In this Wednesday, Nov. 12, 2014 file photo, Ava DuVernay, left, director of the film “Selma,” and cast member, David Oyelowo, who plays Martin Luther King Jr., pose together at the Four Seasons Hotel in Los Angeles. (Photo by Chris Pizzello/Invision/AP)

 

(CBS News) – The director of the new movie celebrating Martin Luther King, Jr. and civil rights tells Bob Simon that filming it on a bridge still named for a KKK leader was poetic justice for past racism. Simon profiles “Selma” director Ava DuVernay, who also defends her film’s controversial portrayal of President Lyndon Johnson, on 60 Minutes Sunday, Feb. 8 at 7 p.m. ET/PT.

Standing in front of the Selma, Alabama, bridge that still bears the name of the Confederate general and KKK leader Edmund Pettus, DuVernay recalls her feelings shooting critical scenes on it. “I took great pleasure directing scenes on this bridge,” she tells Simon with a smile. “I imagined [Pettus] turning over in his grave a little bit [and him] thinking ‘where did it all go wrong?
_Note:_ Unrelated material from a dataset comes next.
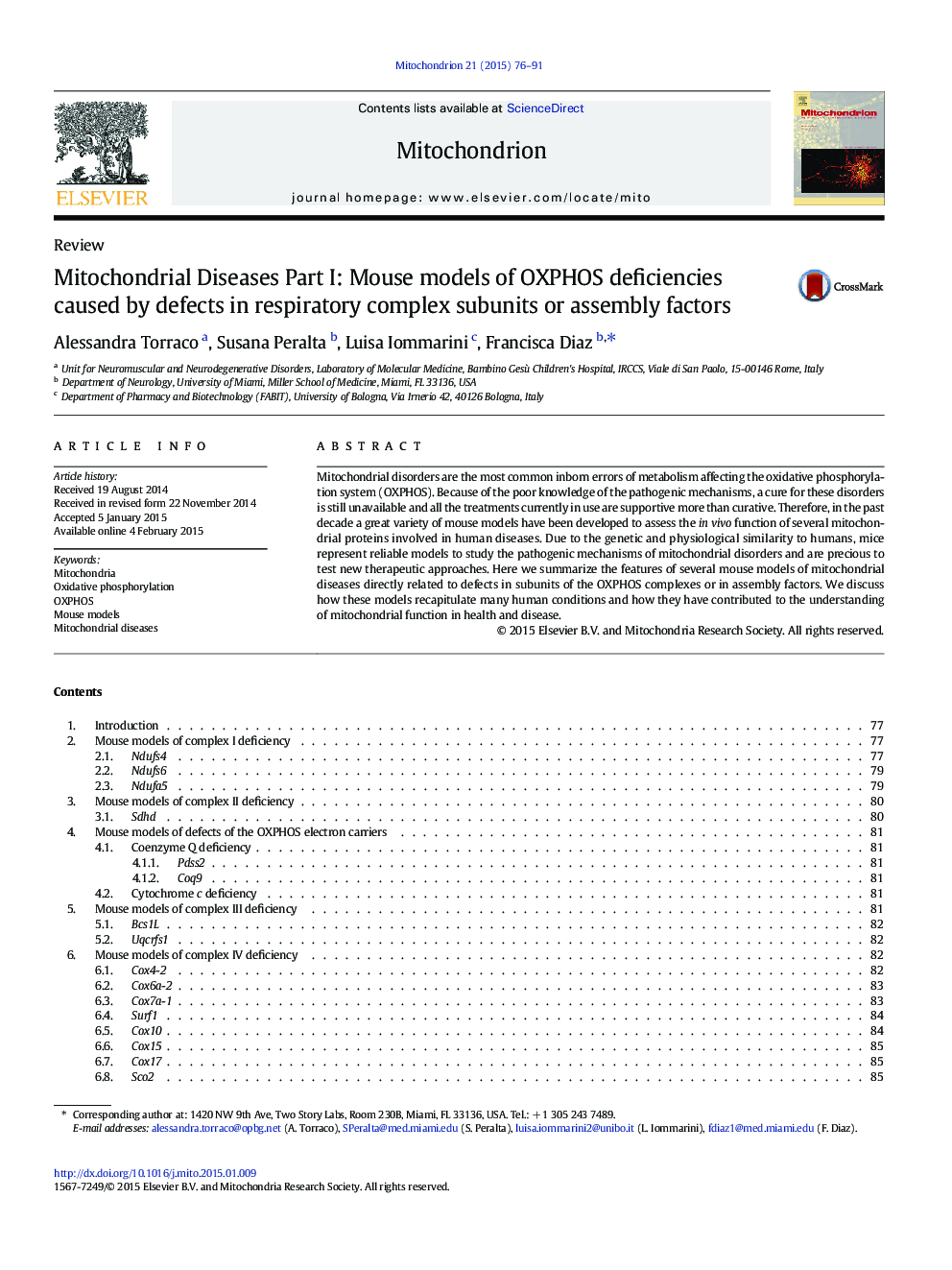 عکس صفحه اول مقاله: Mitochondrial Diseases Part I: Mouse models of OXPHOS deficiencies caused by defects in respiratory complex subunits or assembly factors Mitochondrial Diseases Part I: Mouse models of OXPHOS deficiencies caused by defects in respiratory complex subunits or assembly factors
This was not supposed to happen,'” she says, of what a Grand Dragon of the Ku Klux Klan might have thought about a black woman directing a film about a black man so revered that the nation named a holiday for him.

DuVernay shot graphic scenes on the bridge of African Americans being beaten by police, just as they were during the historic “Bloody Sunday” march for voting rights in Selma in 1965.